During the oil-price downturn, oil exploration companies stacked 75-80% of rigs active in third-quarter 2014. As the number of stacked rigs increased to a peak of about 1,600, the number of wells drilled fell 60-65% in most oil-prone basins. Drilling contractors and oil service companies responded by sharply reducing their field crews.

As drilling activity recovered, oil service companies have been unable to meet the surge in demand for completion work. Based on favorable economics, however, oil exploration companies continued to drill new wells, increasing the backlog of drilled but uncompleted (DUC) wells. As oil service companies add to staff over the next few years, DUC wells will contribute to accelerated growth in US crude oil production.

Texas has been the focal point of the current renaissance in oil-directed drilling. The US Energy Information Administration (EIA) reported the backlog of DUC wells in Texas (Permian, Eagle Ford basins) was 4,245 in December 2017 vs. 3,100 wells in April 2017 and only 2,000-2,100 in fourth-quarter 2014. Even if the rig count in Texas remains constant or declines in second-half 2018, therefore, crude oil production in Texas-New Mexico will continue rising for the next 18-24 months.
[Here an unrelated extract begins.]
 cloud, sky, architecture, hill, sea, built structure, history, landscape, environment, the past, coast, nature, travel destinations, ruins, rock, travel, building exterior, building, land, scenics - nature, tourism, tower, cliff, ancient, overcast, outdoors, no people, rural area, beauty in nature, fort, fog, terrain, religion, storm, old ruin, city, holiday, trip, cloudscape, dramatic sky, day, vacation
Based on an average oil production per new well of 450 b/d, the current DUC backlog alone will increase oil production in Texas-New Mexico by 2 million b/d.

Despite the 2015-16 downturn in crude oil production, gas plant NGL production has increased annually for 12 years, reaching the 3-million b/d milestone in late 2014. If gas plants had been called on to operate at full-ethane recovery mode, gas plant NGL production would have reached 4 million b/d in 2015. Based on actual ethane recovery, US gas processors produced 3.74 million b/d in 2017, 2.03 million b/d (116%) more than in 2005. If all gas plants had operated in full-ethane recovery mode, 2017 production would have averaged 4.34 million b/d, or 2.63 million b/d (154%) more than in 2005. In 2017, US crude production was 9.32 million b/d, 4.2 million b/d (82%) higher than 2005.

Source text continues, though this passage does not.